Happy June!!! I wanted to do this entry days ago but then one of

my linked images stopped linking, then neocities was down for half

the day, and then other things that stopped me in my tracks. But!

I'm here now! Celebrating yet another month gone! And like every

month recently, there's quite a few things that've happend.


For starters, I've officially finished my A-Level career. I've done

my last exam, so, I'm officially done! It feels so surreal. Two

years of school, two years of my life, finished. It seems so

unceremonious, honestly. Mostly because we don't have an end of year

prom or any end of school year celebration. We don't even come in

for our results, we get them online (I'm pretty sure.) I guess I'm

used to celebration for these events. It's a HUGE loss but yknow.

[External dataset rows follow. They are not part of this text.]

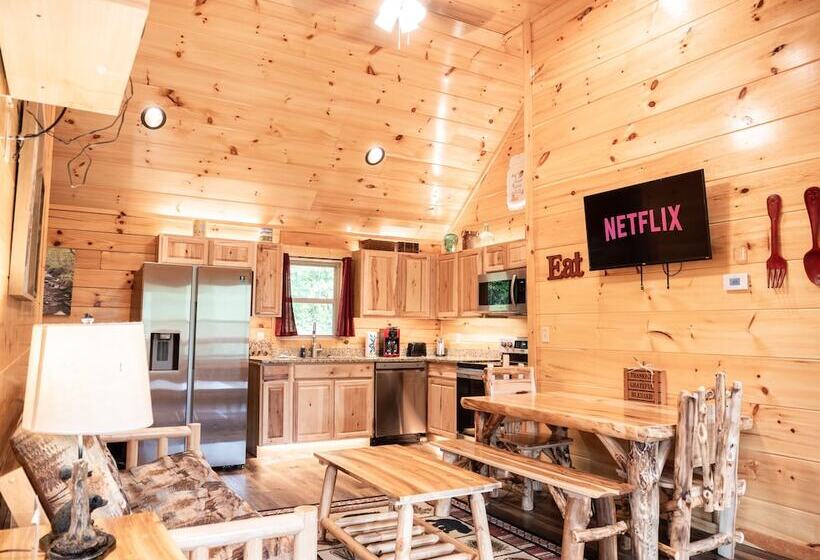 Heavenly Bliss By Ghosal Luxury Lodging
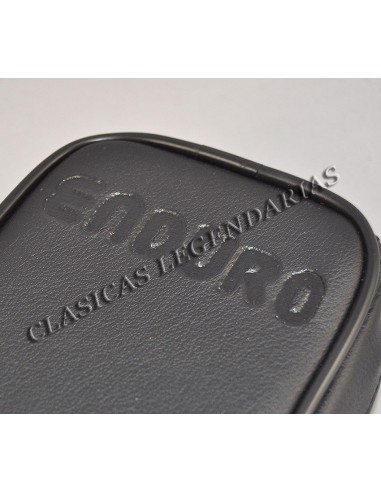 Bolsa herramientas enduro 125 H ref.5820446011 PRODUCTO DESCATALOGADO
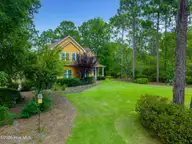 341 Fox Squirel Road, Southport, NC 28461 — 4-bedroom home in Boiling Spring Lakes, Southport, NC, photo 1 of 52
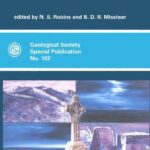 خرید و دانلود نسخه کامل کتاب Groundwater in the Celtic Regions: Studies in Hard-Rock and Quaternary Hydrogeology
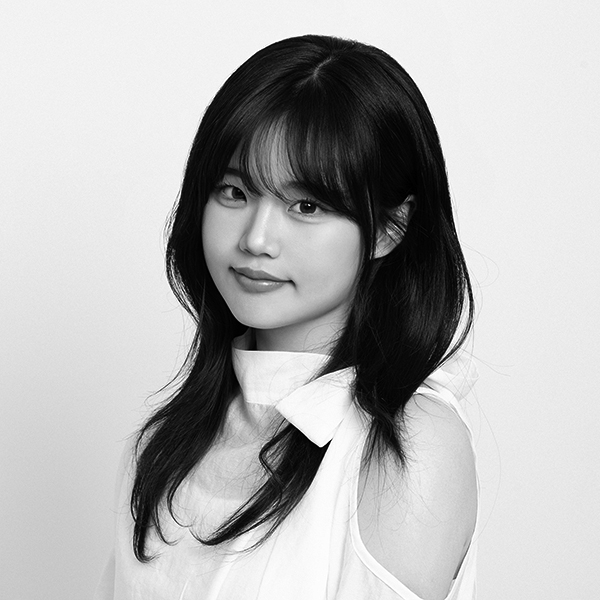 최유미-g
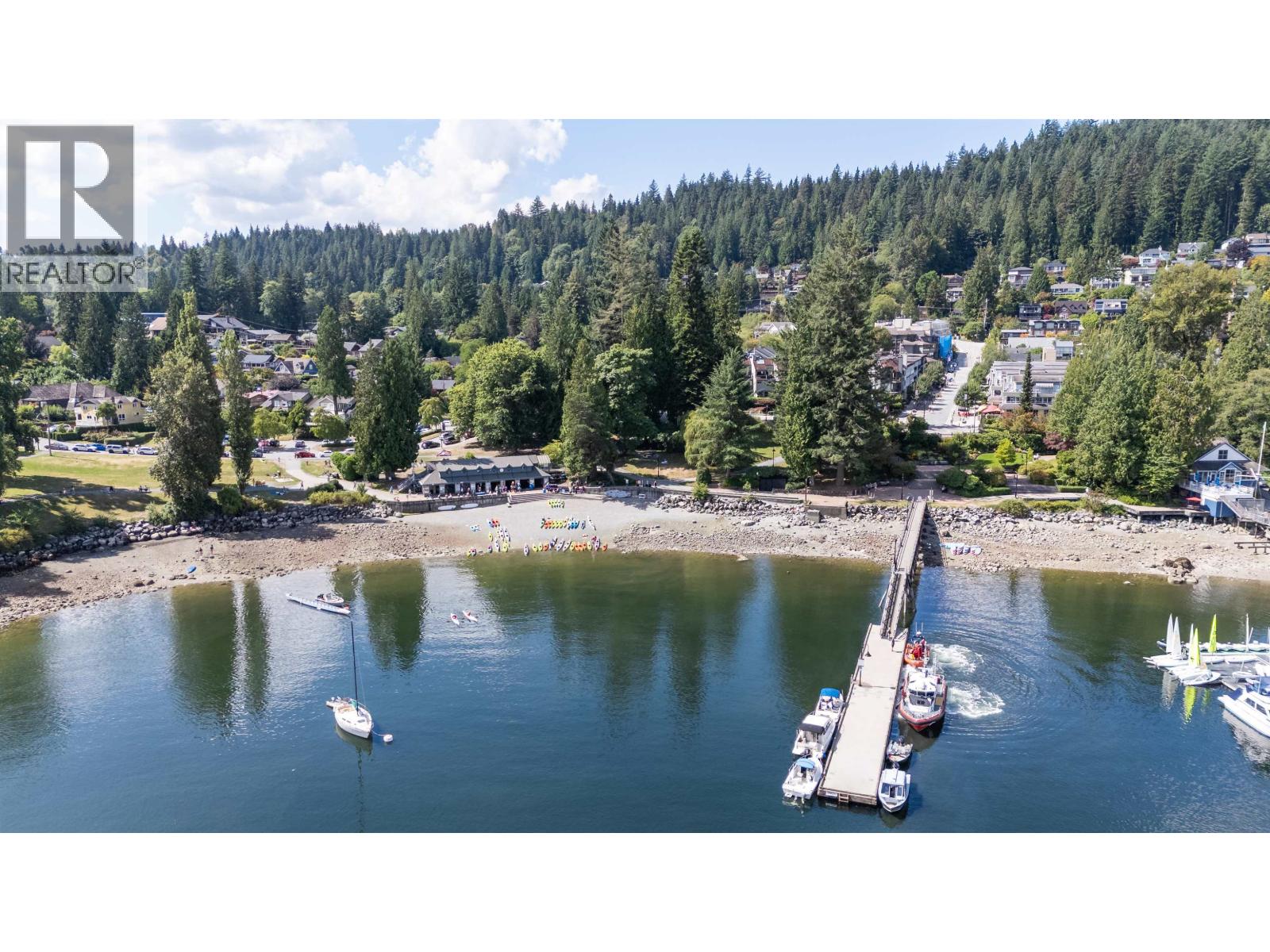 203 4323 Gallant Avenue, North Vancouver, British Columbia  V7G 2C1 - Photo 19 - R3066295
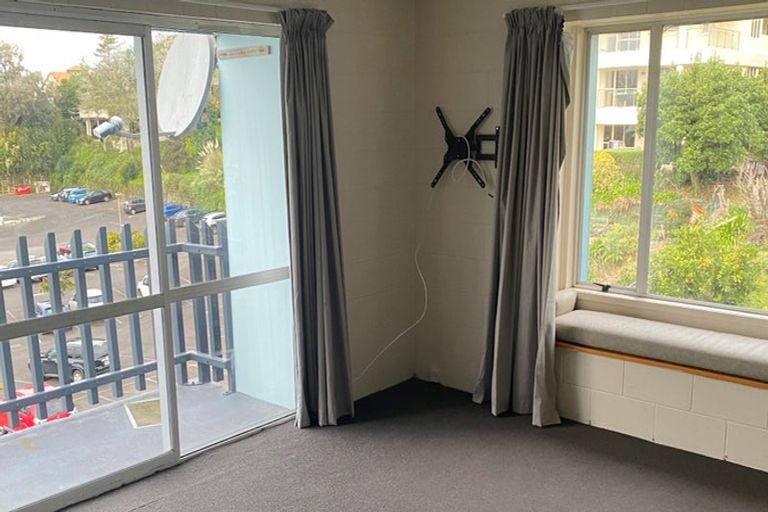 Photo of property in 4/2 Ruakiwi Road, Hamilton Lake, Hamilton, 3204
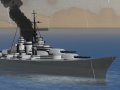 游戏戰艦在线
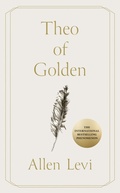 Cover: Theo of Golden - Fontana
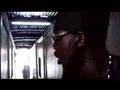 Rasta Chant: Kingston, Jamaica #rasta #rastachant - Tom Swindell: Director of Photography  Rasta Chant: Kingston, Jamaica #rasta #rastachant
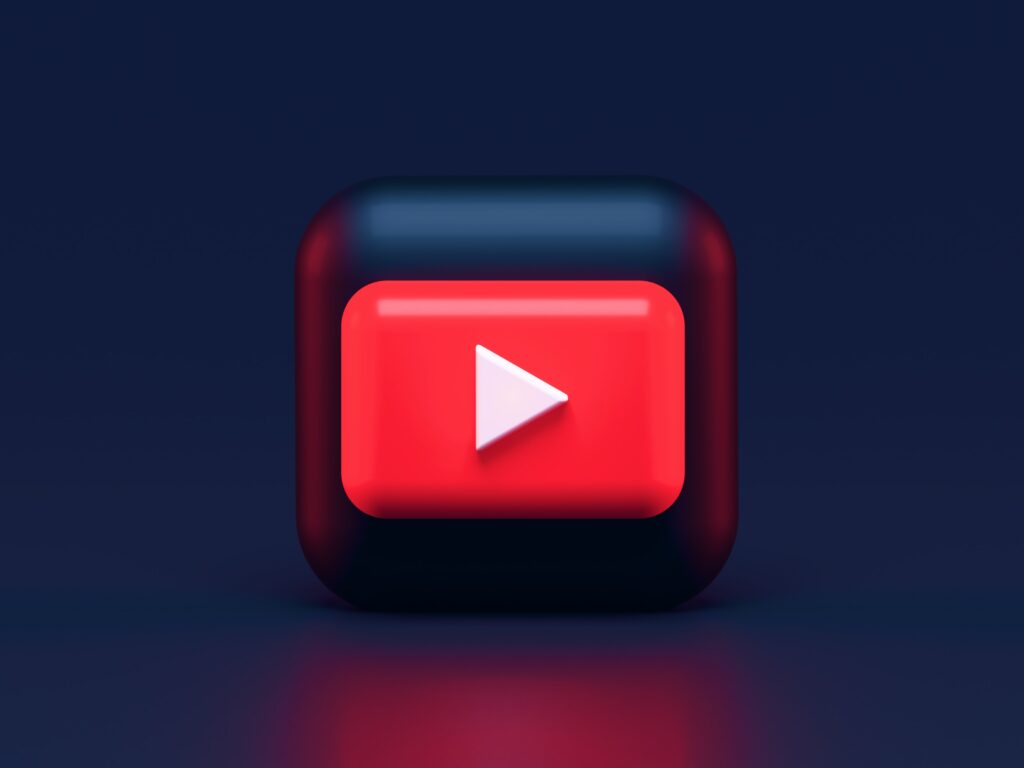 How Much Youtube Shorts Pay For 100k Views?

Anyways, I've suceeded in formal education! I'm proud of me! Now,

just to wait for my results...euuugh I'm trying not to think about

it too much. I don't feel worried per se, just naturally nervous.


Next month is when I officially turn 18! Eighteen! Legal adult age!

I have NO idea how I feel about this even now. Just nervous and weird.

It feels unnatural because I honestly still feel 16. Though, I guess age

doesn't have any specific feeling. It's just a fact of how long you've

lived, plus some legal perks. Though I don't think I'll be drinking,

driving, smoking, having sex, getting married or getting pregnant any

time soon. So, really, it's just a number for me. Like it's been every

birthday. Except now I'm expected to be adulting.


Speaking of adulting, I've been applying to jobs. It's hell, ofcourse

I've emailed and applied for maybe 30 or more different roles.

About 10 have rejected me. The others aren't responding. I've

resorted to calling because it's a lot better getting rejected

by a human voice than an email or no message at all. Atleast for

me. I have been invited to an interview though! One. Single.

Interview. I am grateful, but I can definetely see why it's so

discouraging for so many. It's brain numbing at the best of times.

Agrivating at the worst of times. I've gone out and handed CVs for

two days, just to be met with "apply online." Very frustrating, but

if I'm lucky, I'll do good at the interview and get the job. Even

then, I won't give up because, man, I actually WANT a job. I'll

probably be doing this for a lot of my life so I might as well get

a taste of it now. And I do want to make my own money. And get out

of the house.


Anyways, that's the major events of May. I have unspeakable amounts

of free time for the next few...months? Now? So I'll have to find

stuff to fill the days with. I hope I can update this site more. I'm

making references for artfight. I don't think I'll manage to make ALL

my OCs (there's about 20 of them...) so I'm focusing on 5 and seeing how

it goes. Apart from that, taking care of my health more, getting back into

my hobbies, planning for uni, learning to drive etc etc. I'm just happy

I NEVER NEVER NEVER have to do another times essay again. NEVER!!! THAT'S

THE TRUE WIN!!! Anywhho, I think that's it. I'll be back when I'm 18! Aaaah

scaryyy, but, what can we do, right?